"Deserves" Got Nothin' to do with it
Clint Eastwood and Jesus agree. At least on one thing.
This morning I find myself trying to hide my tears in the Yacht Club aboard our Windstar Cruise ship. These are not sad tears; they are tears of gratitude and wonder. But I don’t really want to be crying here. The Yacht Club is a lounge area on the top deck of the front of the ship, a place of lovely couches overlooking the majestic waters. It is the cool, executive place on board. And I can almost hear the exasperated voice of Tom Hanks from A League of their Own: “There’s no crying in the Yacht Club!” So, I look away and wipe my eyes and pretend it is only allergies or a cold.
But I can’t help it. I came here to read scripture and think. I opened the book to Psalm 103:
1 Praise the Lord, my soul;
all my inmost being, praise his holy name.
2 Praise the Lord, my soul,
and forget not all his benefits—
3 who forgives all your sins
and heals all your diseases,
4 who redeems your life from the pit
and crowns you with love and compassion,
5 who satisfies your desires with good things
so that your youth is renewed like the eagle’s.

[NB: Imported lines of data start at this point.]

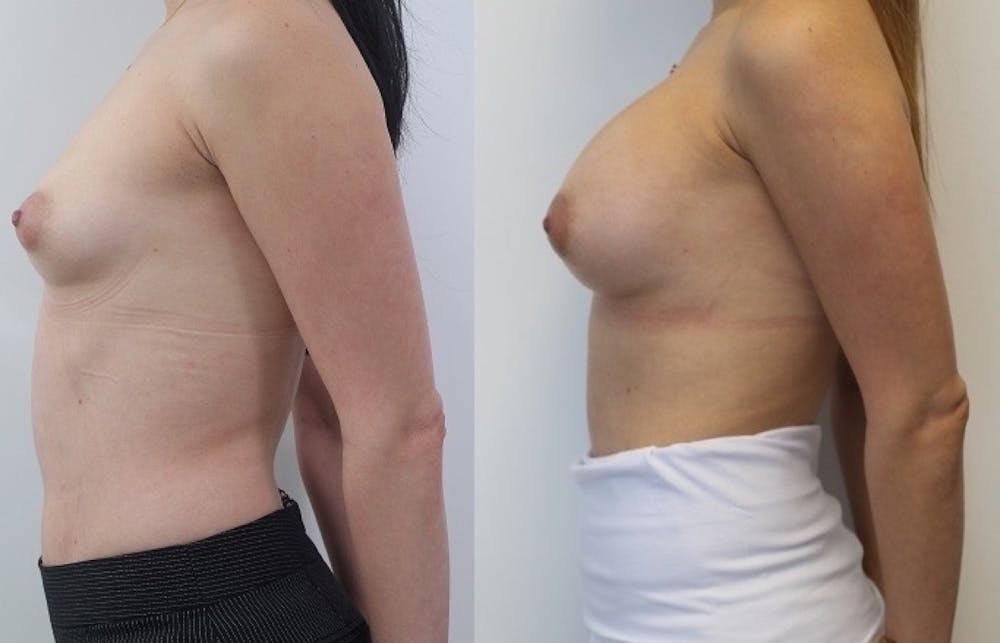 Breast Augmentation Before & After Gallery - Patient 11681781 - Image 3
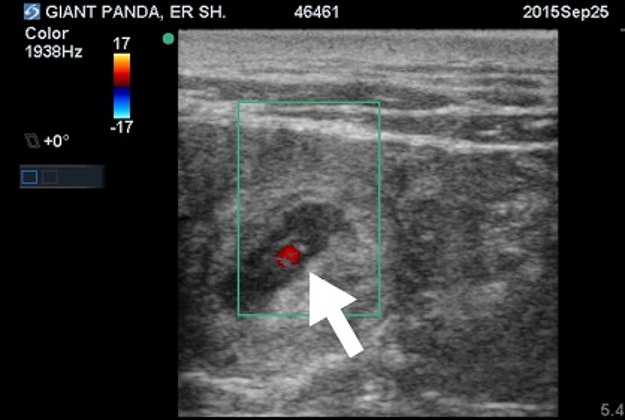 The first ultrasound of Er Shun shows a heartbeat.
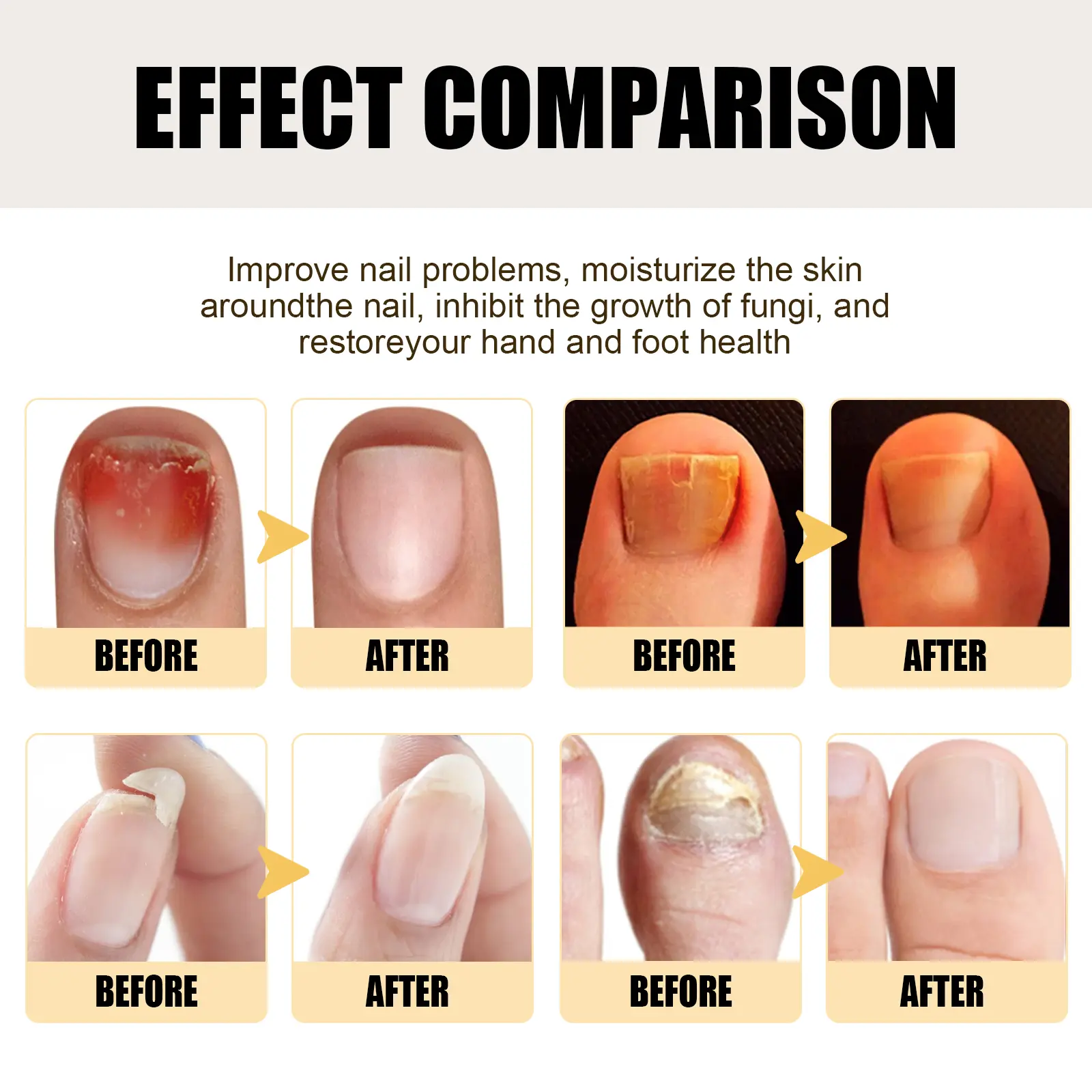 Nail Care Essence for Damaged & Discolored Nails - West&Month 9 nail care essence clean soft bright nails West Month 355 5623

As I thought about these words while gazing on the endless sea, I became overwhelmed at all the good things God has blessed us with this last week and a half, and got a little teary.
Okay, a lot teary.
I never thought we would be able to spend time in Istanbul, that fascinating old city. Or to visit the Island of Patmos, or walk along the ancient ruins of Ephesus. Not to mention the wonderful day on the beach in a Turkish coastal town, or hiking up the center of the Santorini caldera.
But here I am, enjoying time aboard a lovely ship and thinking about the bounty of blessings showered upon us this last 10 days. And, to be honest, I am having a hard time taking it all in.

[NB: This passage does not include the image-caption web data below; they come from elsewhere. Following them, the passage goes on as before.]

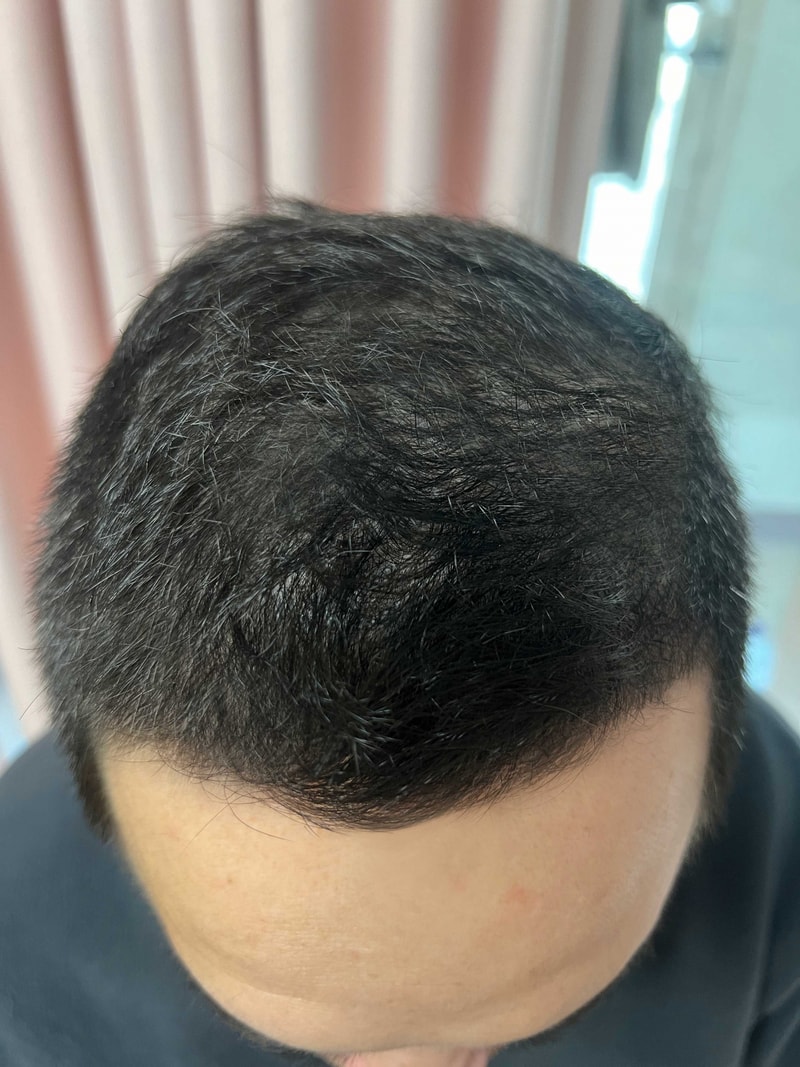 Dana Plastic Surgery Mass non-cut hair transplant 7000 mother more than 5 months old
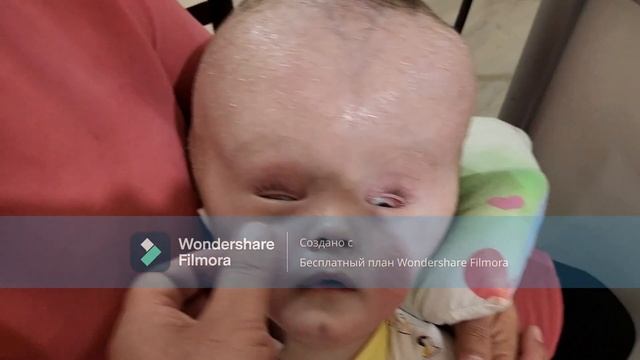 Анэнцефалия (полное отсутствие головного мозга). смотреть онлайн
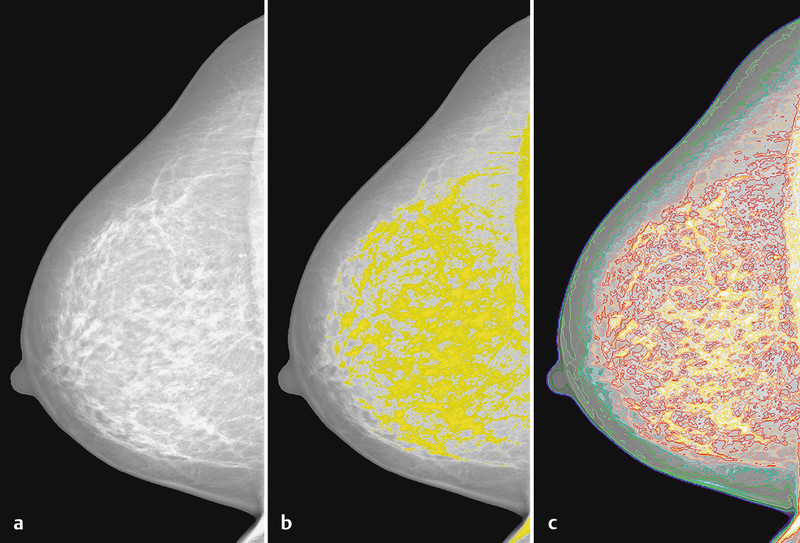 Fig. 1 a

There is a line from a Clint Eastwood flick that keeps coming to mind this morning. It is from the movie Unforgiven, which is a western and an anti-western at the same time. What I mean by that is that it is indeed set in the old west, sometime in the late 1800’s in the town of Big Whiskey. But it subverts the standard motif of western movies. There is no real hero in the movie. The protagonist, William Munny, is a flawed man with a murderous past. The “bad guys” are not worse people than Munny, just less lucky or skilled, perhaps.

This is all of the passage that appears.